_What is being asked_
Your output must be the lines below from the line containing "Hausmeisterin - Kinder" to the line containing "A.Kjærbede Natural Large Classic Sunglasses", both lines included, reproduced exactly and without pictures.
=== Entries supplied ===
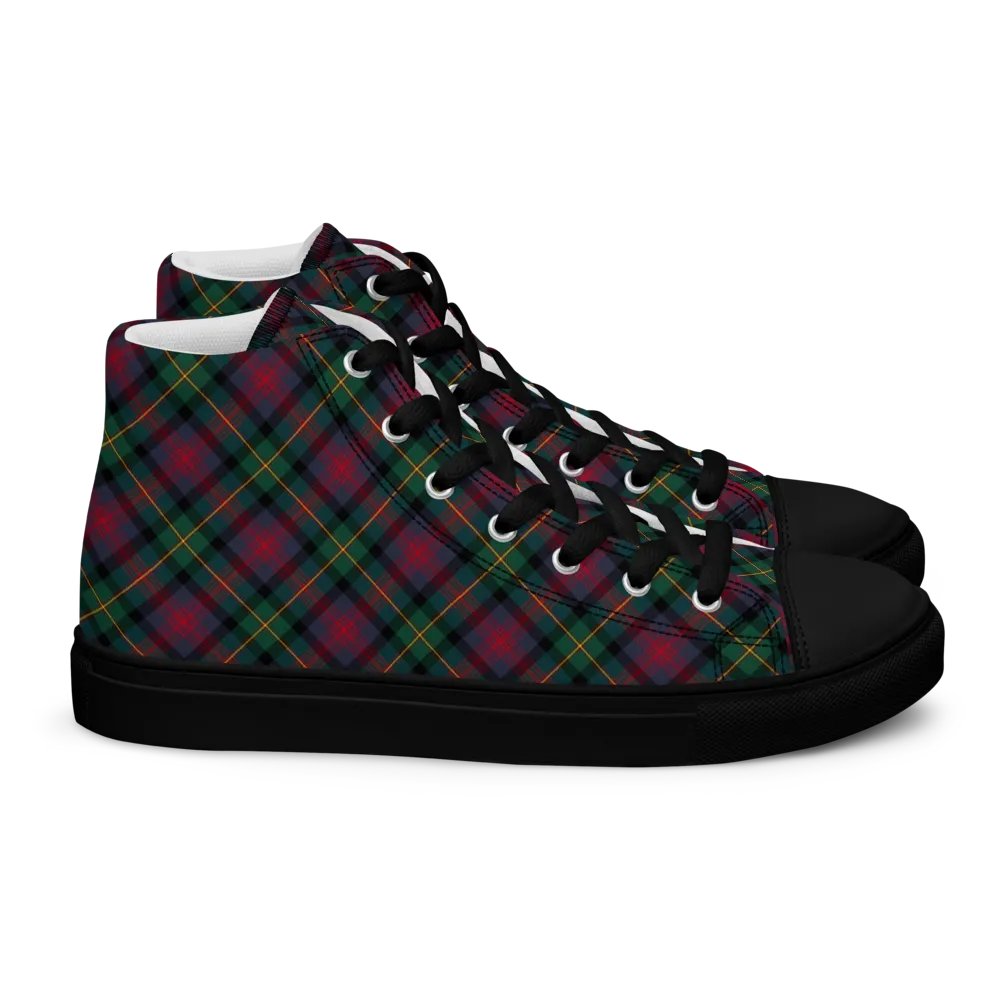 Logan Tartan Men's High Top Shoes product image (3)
===
=== Entries supplied ===
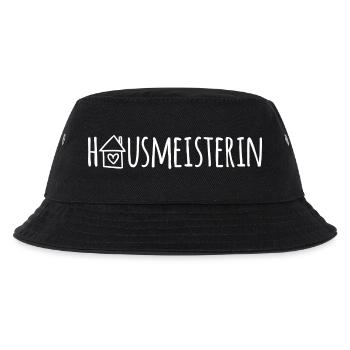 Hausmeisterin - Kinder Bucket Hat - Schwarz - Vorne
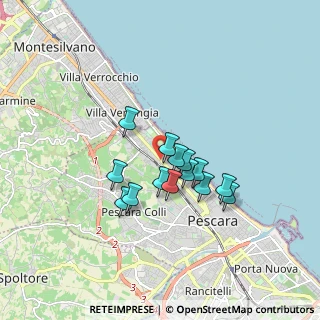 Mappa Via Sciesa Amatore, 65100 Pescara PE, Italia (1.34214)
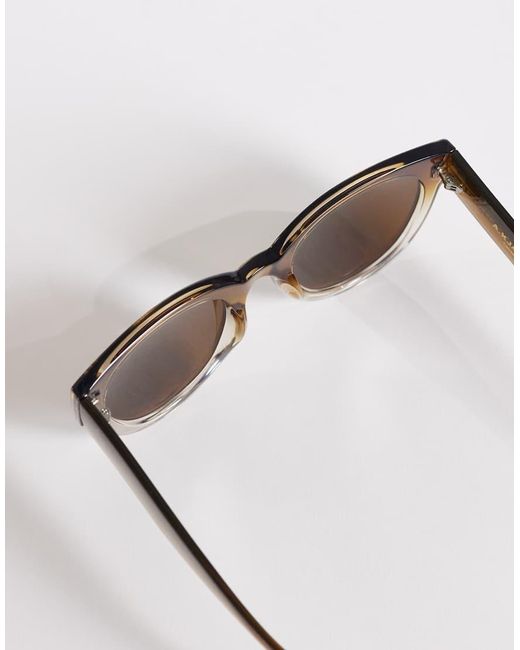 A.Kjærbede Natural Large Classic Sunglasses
===
=== Entries supplied ===
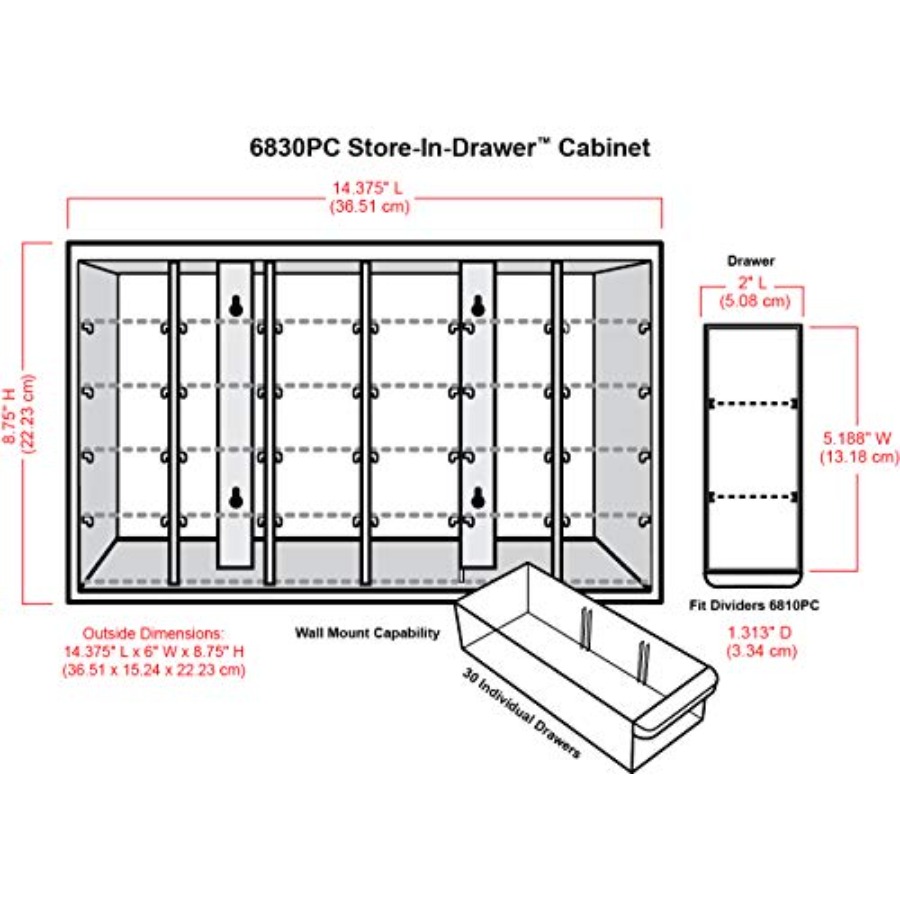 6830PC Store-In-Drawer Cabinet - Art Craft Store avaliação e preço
===
_Solution to this task_
 Hausmeisterin - Kinder Bucket Hat - Schwarz - Vorne
 Mappa Via Sciesa Amatore, 65100 Pescara PE, Italia (1.34214)
 A.Kjærbede Natural Large Classic Sunglasses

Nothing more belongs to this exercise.